───── Working data

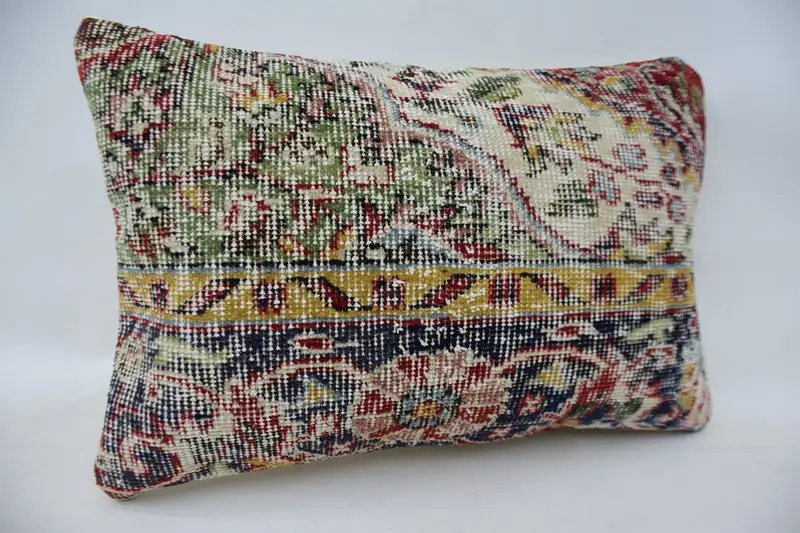 Vintage Pillow, 16x24 Beige Cushion Case, Pillow, Living Room Throw Cushion, Chair Cushion, Ethnical Kilim Rug Pillow, Handmade Kilim Cushion - 2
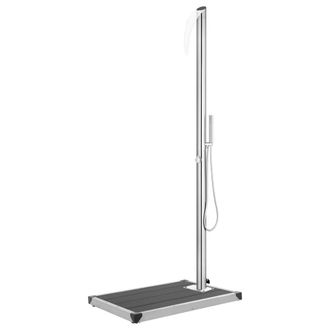 vidaXL Ducha De Jard&iacute;n Con Base Gris 225 Cm Acero Inoxidable Vidaxl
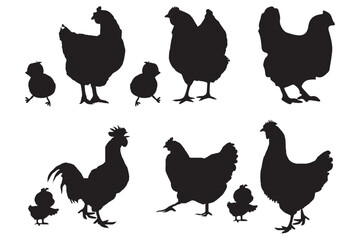Hen or Chicken, rooster and chicks silhouette set. hen, rooster and chicks isolated farm animal silhouette icon vector collection.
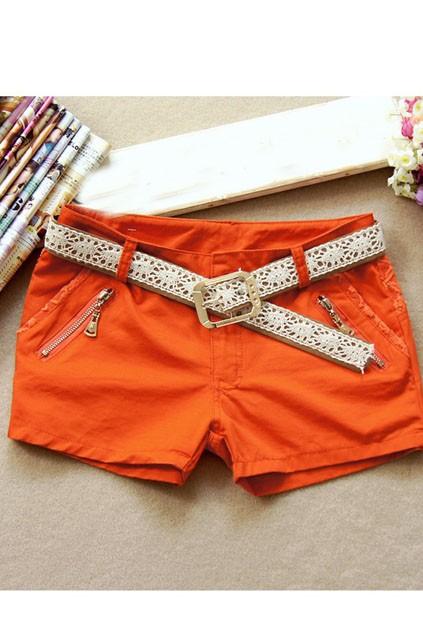 Oasap Sweet Embroidered Lace Detail Shorts With Waistband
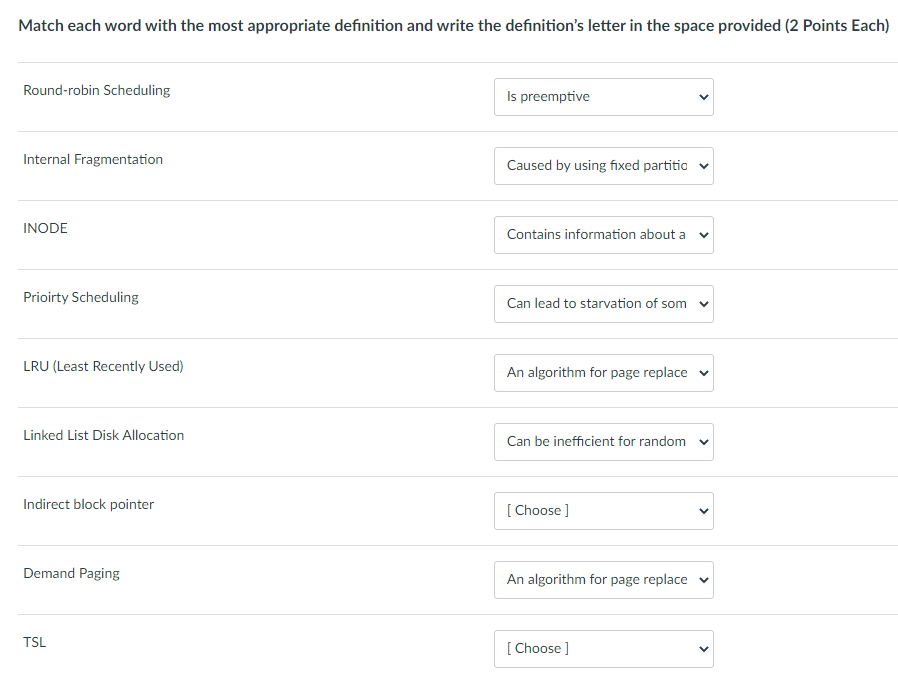 Solved Match each word with the most appropriate definition | Chegg.com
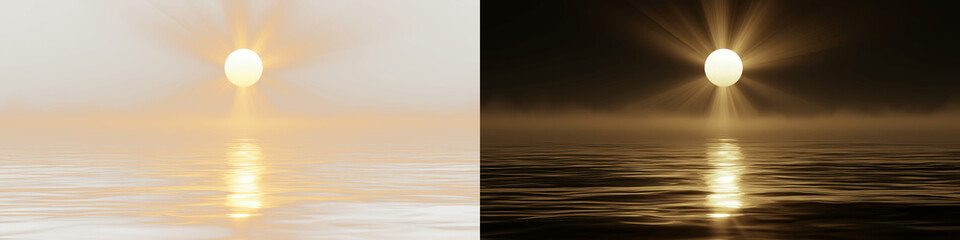 Obraz premium Golden sunset over ocean with radiant sun beams, soft atmospheric fog and glowing water reflections, serene 3D render for landscape background, travel concept, wellness banner and spiritual design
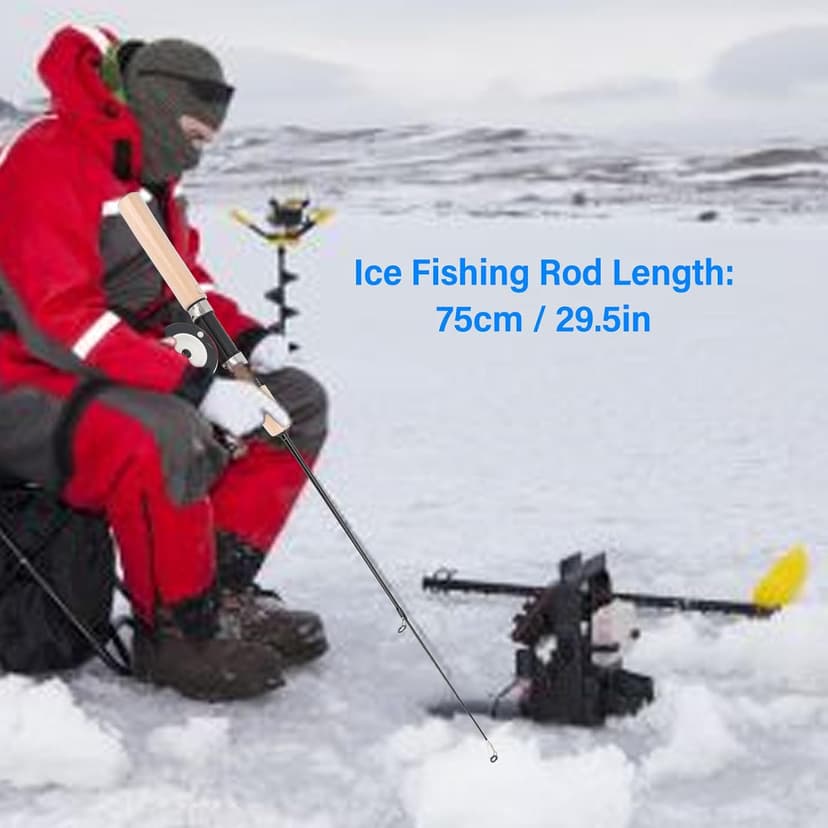 Fockety Ice Fishing Rod and Reel Combo, 29.5 inch Ultralight Spinning Ice Fishing Combos, High Visibility Ice Fishing Pole Ice Fishing Gear for Walleye, Perch, Panfish and Trout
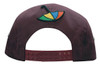 A maroon cap featuring a multicoloured umbrella embroidery on the back and a snapback closure.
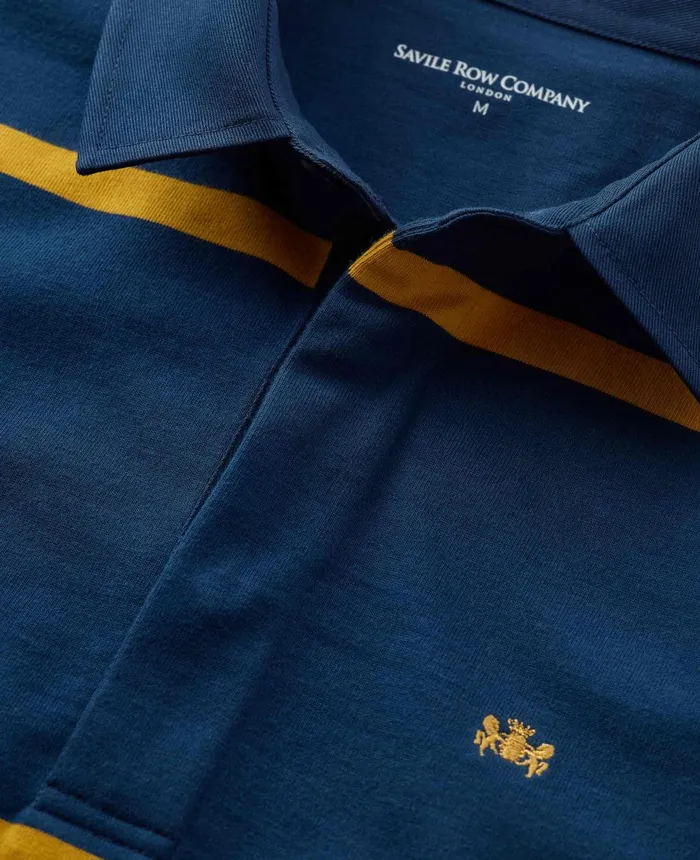 Savile Row Company Navy Gold Stripe Heavyweight Cotton Jersey Rugby Shirt Navy Gold Men Casual Tops Savile Row Company Navy Gold Stripe Heavyweight Cotton Jersey Rugby Shirt Navy Gold Men Casual Tops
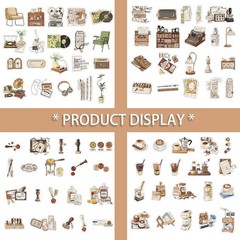 160 PCS Vintage Stickers Scrapbook Stickers DIY Craft Supplies -Adhesive7442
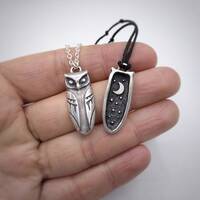 Owl Necklace / Sterling Silver Owl Pendant / Horned Owl / Gift for Night Owl / Moon and star...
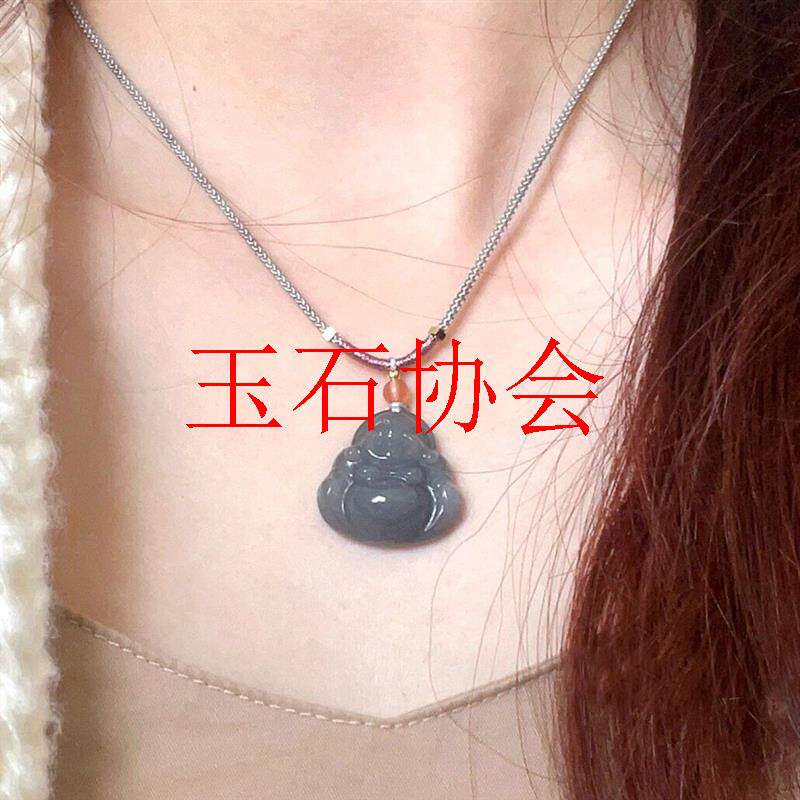 高端新疆老矿和田玉烟紫弥勒佛吊坠青海料原石雕刻笑佛玉毛衣项链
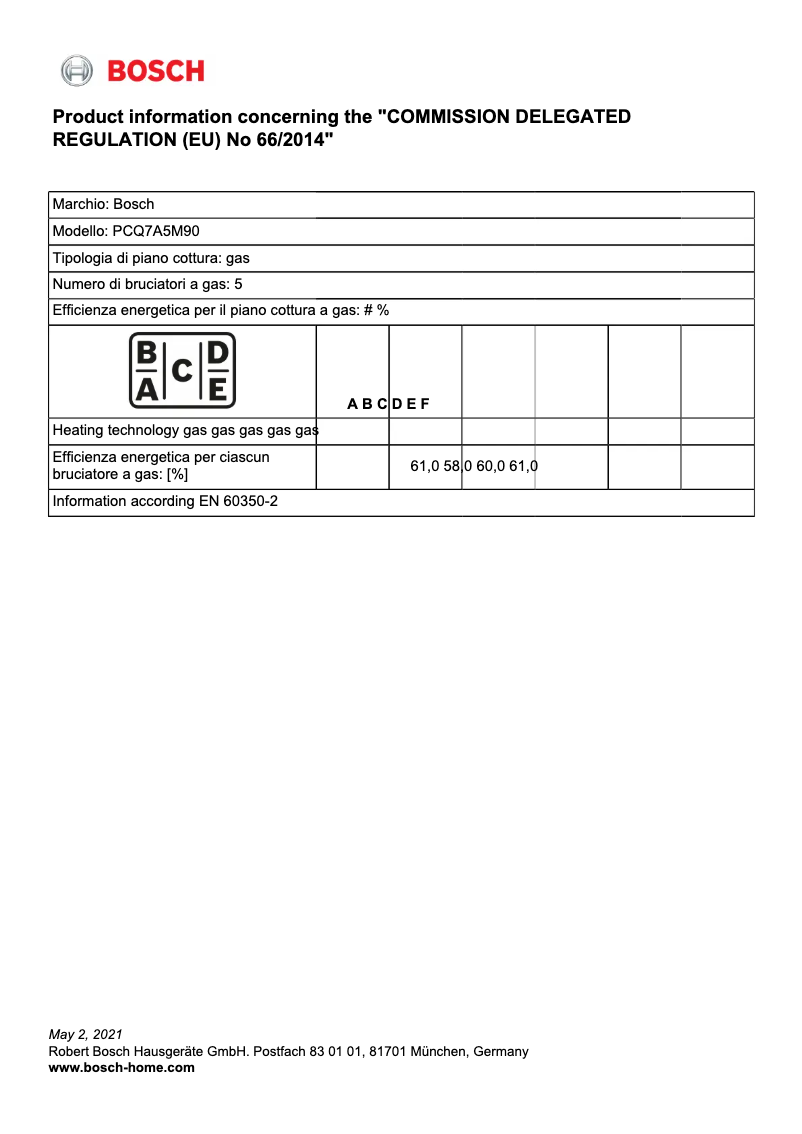 Page 1 of the manual Technical Sheet Bosch PCQ7A5M90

──────────

### Your instructions
All entries need repeating exactly, but without the pictures.

### Solved exercise
 Vintage Pillow, 16x24 Beige Cushion Case, Pillow, Living Room Throw Cushion, Chair Cushion, Ethnical Kilim Rug Pillow, Handmade Kilim Cushion - 2
 vidaXL Ducha De Jard&iacute;n Con Base Gris 225 Cm Acero Inoxidable Vidaxl
Hen or Chicken, rooster and chicks silhouette set. hen, rooster and chicks isolated farm animal silhouette icon vector collection.
 Oasap Sweet Embroidered Lace Detail Shorts With Waistband
 Solved Match each word with the most appropriate definition | Chegg.com
 Obraz premium Golden sunset over ocean with radiant sun beams, soft atmospheric fog and glowing water reflections, serene 3D render for landscape background, travel concept, wellness banner and spiritual design
 Fockety Ice Fishing Rod and Reel Combo, 29.5 inch Ultralight Spinning Ice Fishing Combos, High Visibility Ice Fishing Pole Ice Fishing Gear for Walleye, Perch, Panfish and Trout
 A maroon cap featuring a multicoloured umbrella embroidery on the back and a snapback closure.
 Savile Row Company Navy Gold Stripe Heavyweight Cotton Jersey Rugby Shirt Navy Gold Men Casual Tops Savile Row Company Navy Gold Stripe Heavyweight Cotton Jersey Rugby Shirt Navy Gold Men Casual Tops
 160 PCS Vintage Stickers Scrapbook Stickers DIY Craft Supplies -Adhesive7442
 Owl Necklace / Sterling Silver Owl Pendant / Horned Owl / Gift for Night Owl / Moon and star...
 高端新疆老矿和田玉烟紫弥勒佛吊坠青海料原石雕刻笑佛玉毛衣项链
 Page 1 of the manual Technical Sheet Bosch PCQ7A5M90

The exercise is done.